Within minutes, people gathered and greeted each other. Phyllis smiled. "Isn't this nice? It's like taking a class with old friends."
Soon, a balding man with a ponytail, wearing a black turtle neck sweater, a light brown sports jacket and well-pressed jeans kissed and hugged his way to the front of the room. The chatter hushed as if Moses had come down from the mount.
"Tonight, we will taste the charming wines of Northern Italy, particularly the Piedmont region and the North Eastern Provinces." 
"Ahhs" and "oohs" passed through the room like the wave at a ball game.

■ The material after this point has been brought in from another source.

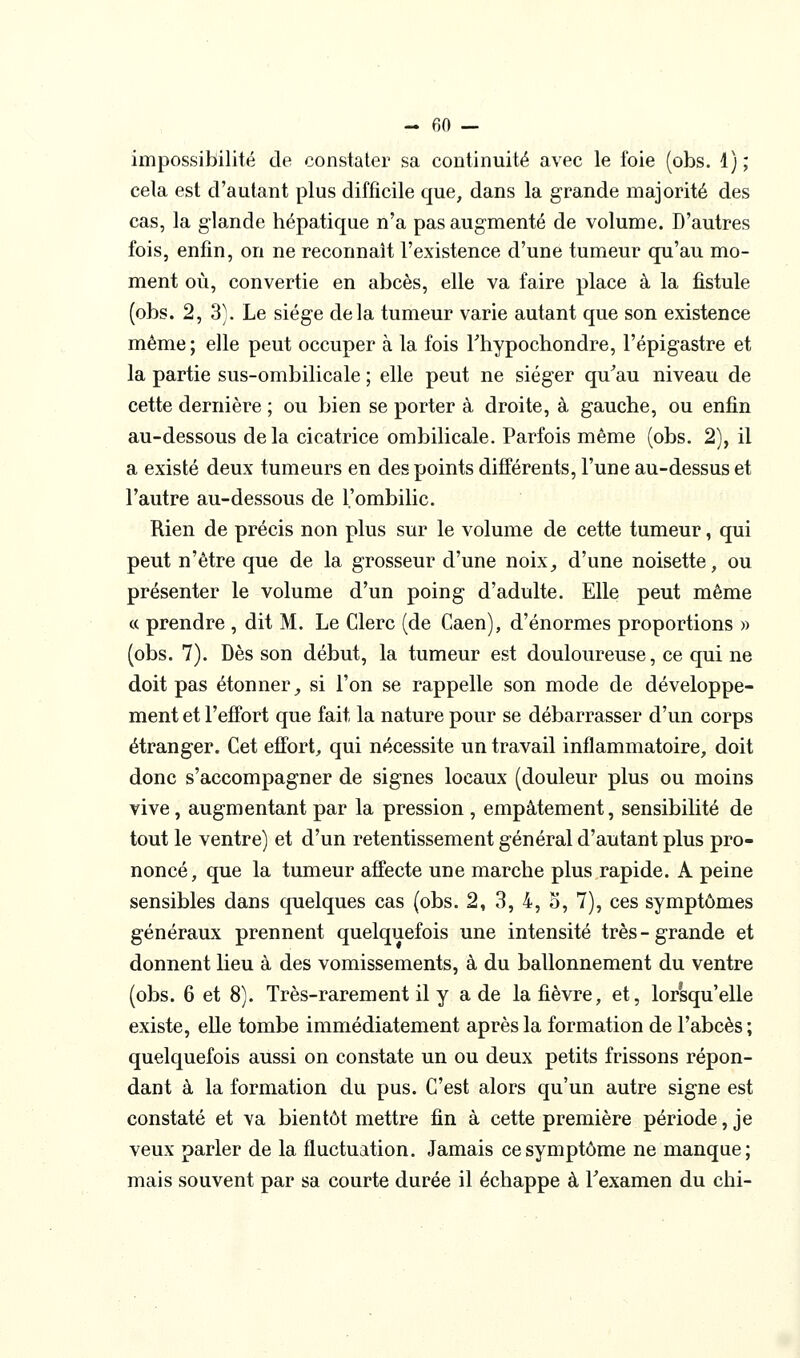 impossibilité de constater sa continuité avec le foie (obs. 4); cela est d'autant plus difficile que, dans la grande majorité des cas, la glande hépatique n'a pas augmenté de volume. D'autres fois, enfin, on ne reconnaît l'existence d'une tumeur qu'au mo- ment où, convertie en abcès, elle va faire place à la fistule (obs. 2, 3\ Le siège delà tumeur varie autant que son existence même; elle peut occuper à la fois Thypochondre, l'épigastre et la partie sus-ombilicale ; elle peut ne siéger qu^au niveau de cette dernière ; ou bien se porter à droite, à gauche, ou enfin au-dessous de la cicatrice ombilicale. Parfois même (obs. 2), il a existé deux tumeurs en des points différents, l'une au-dessus et l'autre au-dessous de l'ombilic. Rien de précis non plus sur le volume de cette tumeur, qui peut n'être que de la grosseur d'une noix, d'une noisette, ou présenter le volume d'un poing d'adulte. Elle peut même « prendre , dit M. Le Clerc (de Caen), d'énormes proportions » (obs. 7). Dès son début, la tumeur est douloureuse, ce qui ne doit pas étonner _, si l'on se rappelle son mode de développe- ment et l'effort que fait la nature pour se débarrasser d'un corps étranger. Cet effort, qui nécessite un travail inflammatoire, doit donc s'accompagner de signes locaux (douleur plus ou moins vive, augmentant par la pression , empâtement, sensibilité de tout le ventre) et d'un retentissement général d'autant plus pro- noncé, que la tumeur affecte une marche plus rapide. A peine sensibles dans quelques cas (obs. 2, 3, 4, o, 7), ces symptômes généraux prennent quelquefois une intensité très-grande et donnent lieu à des vomissements, à du ballonnement du ventre (obs. 6 et 8). Très-rarement il y a de la fièvre, et, lorsqu'elle existe, elle tombe immédiatement après la formation de l'abcès ; quelquefois aussi on constate un ou deux petits frissons répon- dant à la formation du pus. C'est alors qu'un autre signe est constaté et va bientôt mettre fin à cette première période, je veux parler de la fluctuation. Jamais ce symptôme ne manque; mais souvent par sa courte durée il échappe à Texamen du chi-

Mr. Pony Tail began detailing the climate and soil conditions of the Piedmont region, explaining that the environment was perfect for Dolcetto, "Italy's answer to Beaujolais."
"When do we start drinking?" Ben whispered.
Phyllis shot him the look she had perfected from twenty-six years of teaching elementary school.
After more lecturing about the state of the grape, the waiters began pouring.
"Ah, that's more like it." Ben rubbed his hands together in anticipation.
But his expression changed when he saw how small a portion graced his glass. Trying to be good, he held his tongue. 
He watched the couple across from him sniff and slosh the wine from cheek to cheek. Another man swirled the liquid in its glass and held it up to the light as if performing a science experiment. A woman sipped and spit the wine back into her glass, describing it as "fruity."  Her companion complained the finish was a bit abrupt.
"Oh, for crying out loud," Ben said, as he tossed back the small amount of wine in a single swallow. "Not bad."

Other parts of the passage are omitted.